Star Sky is not a video game. Well, not in the usual sense at least. It is described as being "similar to an interactive poem", something to experience rather than something to play - and that's a perfect description. There aren't many games that make you feel like lying down, grabbing a box of chocolates and wrapping yourself up in a blanket every time you play, but with Star Sky you'll want to do exactly that.
The object of the game is to take a stroll underneath the night sky, experiencing events that are triggered as you pass by. You can press B to walk or A to run and that's it. Only one finger is needed for the entire game, proving that this is about as relaxing as a video game will ever be and also meaning that those chocolates you just grabbed will be even easier to cram into your waiting mouth. As your character walks through the environment you need to listen out for a piece of music that sometimes begins to play. This means that an event might be about to happen and by standing still on the spot where you can hear the music you'll be able to initiate it. After the event plays out you are free to continue on your journey, listening out for the next piece of music.

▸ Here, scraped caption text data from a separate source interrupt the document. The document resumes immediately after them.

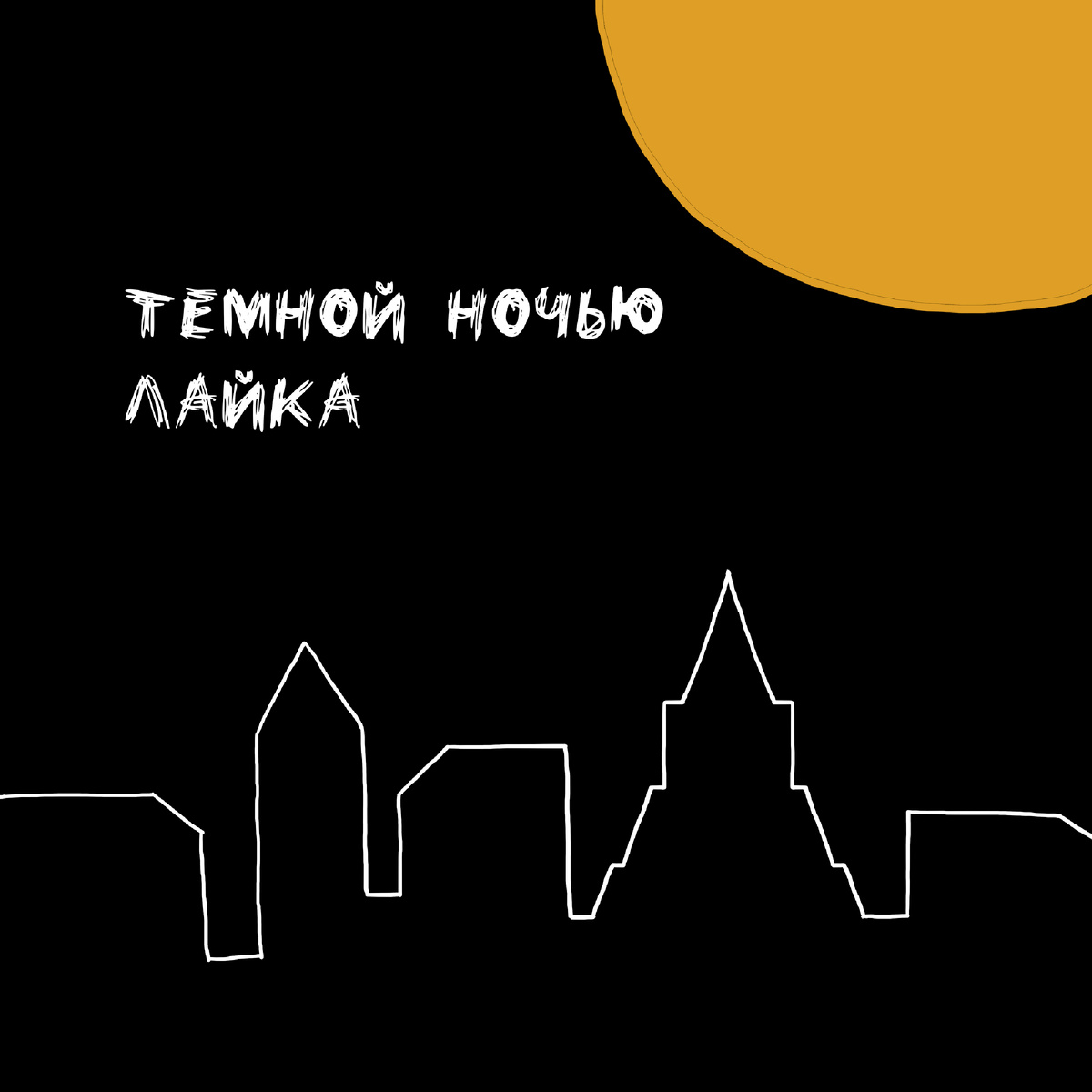 Обложка песни "Темной ночью" исполнительницы Лайка
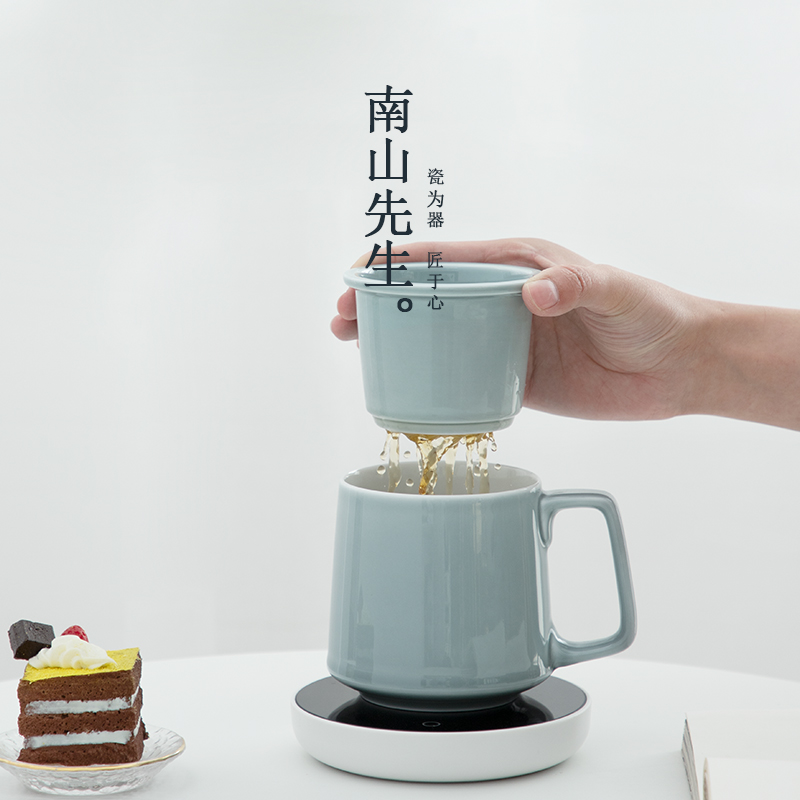 South Mountain Mr. Smart 55 degrees ° C thermostatic mug warm cup cushion heating water cup insulated tea cup warm cup mark cup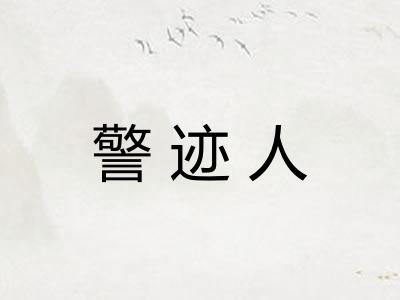 警迹人
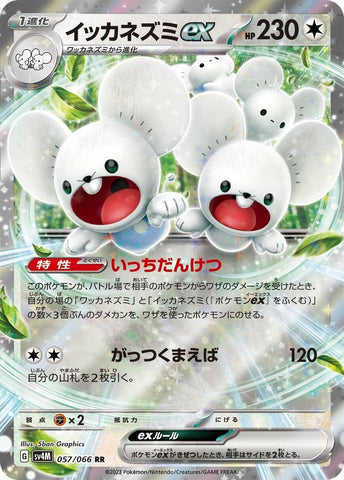 Image for Maushold ex (057/066) (SV4M) - Pokemon Japan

There are 18 events to experience in total, although it is impossible to see every event in a single playthrough. As you reach the end of a playthrough a painting appears, indicating which events you saw on this particular journey, which ones you've seen before and which ones you're still yet to see, encouraging you to jump back in and try to do things differently in order to unlock something new. This is easily the best part of the game - or 'experience'. As you walk through the scenery over and over again you start to get a little more creative with your thinking and one by one you begin to discover all of the events until there are so few left that there is no way you can give up.
Walking through the world in which your character resides is charming at first. The game adopts that 'dark silhouette but with the odd, bright flash of colour' art style that seems to be getting increasingly popular these days and for good reason - it works really well. The land itself feels mystical, as if anything could happen and it's easy to get strangely attached to the nameless, mute, silhouetted characters that walk from left to right. It's a shame then that the magic is lost after a few playthroughs. The entire world is usually traversed in around five minutes and although there are a couple of alternate paths to choose from, you will be seeing the same scenery every single time you jump back in. Suddenly the feeling of "oh, this bridge looks like it could hold some awesome secrets" turns into "let's run over that bridge as quickly as possible because it definitely doesn't do anything".

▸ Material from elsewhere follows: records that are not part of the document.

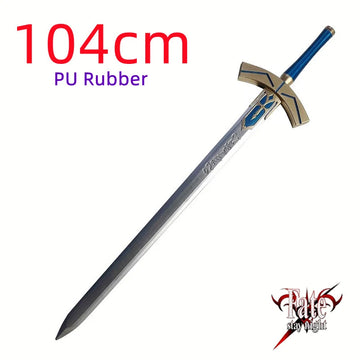 Victory Sword 104cm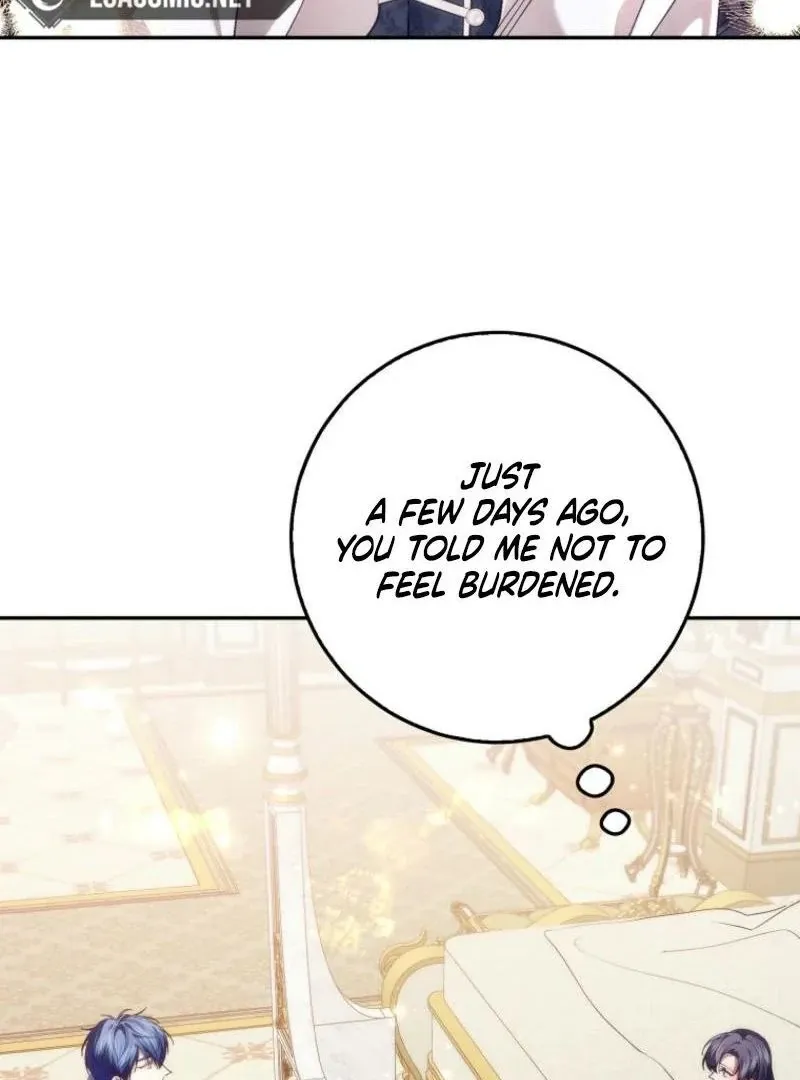 Trash Will Always Be Trash Chapter 102 page 11 - 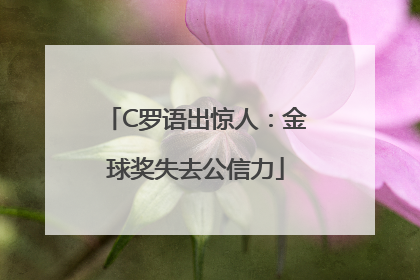 C罗语出惊人：金球奖失去公信力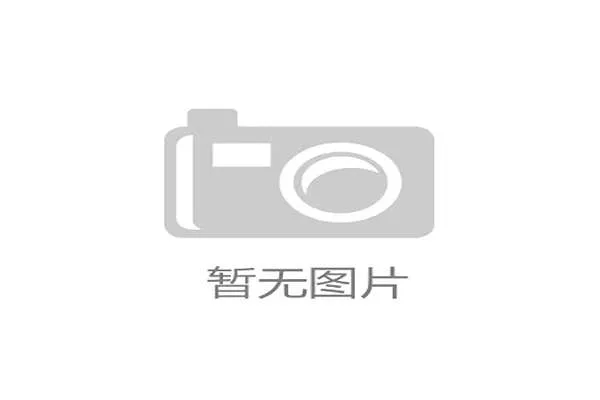 中超俱乐部平均上座率回升至2.1万人赛事吸引力持续增长 中超俱乐部平均上座率回升至2.1万人赛事吸引力持续增长
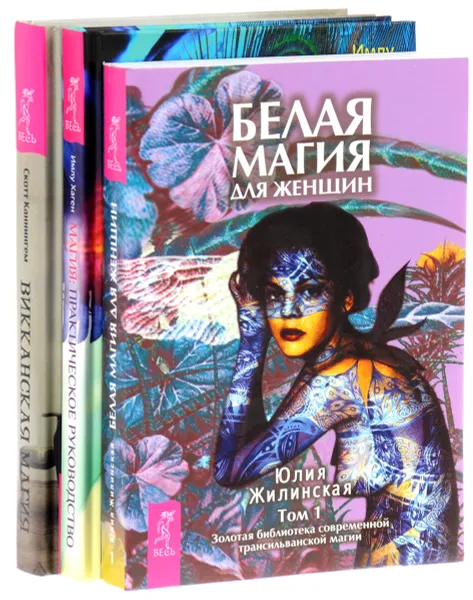 Обложка книги Магия. Практическое руководство. Белая магия для женщин. Викканская магия (комплект из 3 книг), Юлия Жилинская, Имлу Хаген, Скотт Каннингем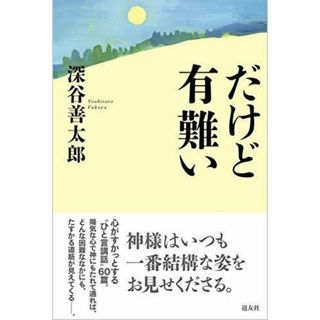 【中古】だけど有難い／深谷 善太郎／天理教道友社(その他)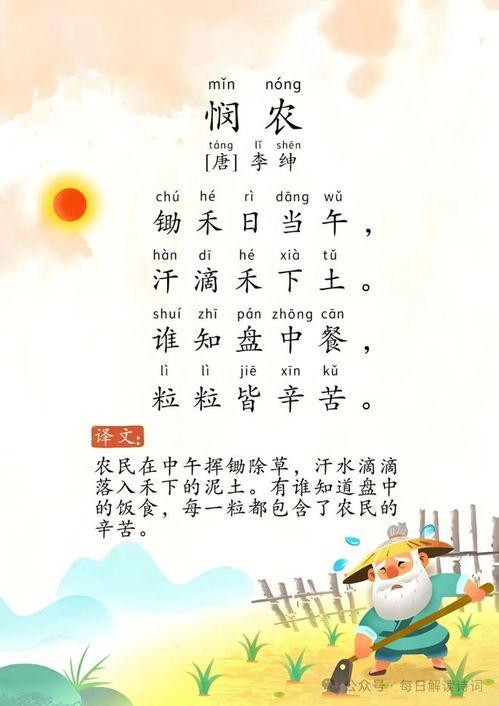 一年级古诗视频,一年级古诗启蒙之旅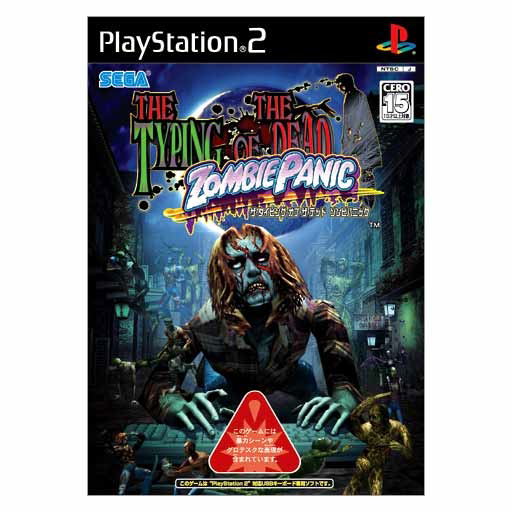 The Typing of the Dead: Zombie Panic for PlayStation 2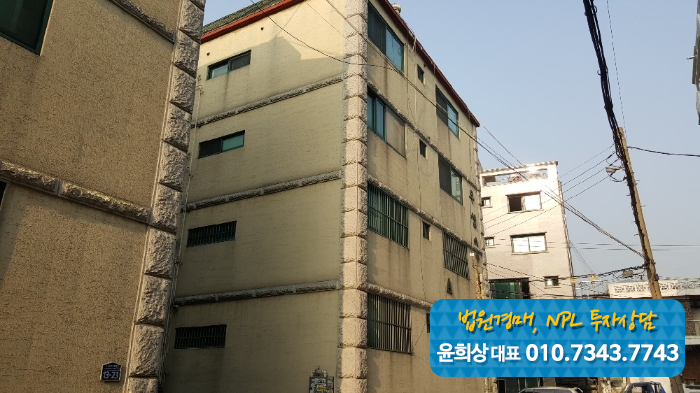 박달우회로164번길 이미지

Depending on how quickly you can work out what causes events to appear, the entire game can be seen in one to two hours, which is both a good and a bad thing. Good because you wouldn't want to be walking along the same path over and over again for much longer than that, but bad because ultimately if you're buying a game you want to get as much content for your money as possible. It's strange for a game to leave you wanting more, yet also leave you with the feeling of relief that it's over.
How much you enjoy this game really depends on the sort of person you are and what you take away from it. If you go into it expecting some platforming action and a storyline you're going to be disappointed. However, if you go into it with an open mind, full of imagination, you'll find a world where you can write the story for yourself and try to discover the meaning of the events in your thoughts. Perfect for some players, but the exact opposite for others. Irrespective of your outlook, it's hard to shake the impression that there simply isn't enough content here to justify the purchase, unless of course you're really keen to play a game which puts you in the mood for a deep sleep.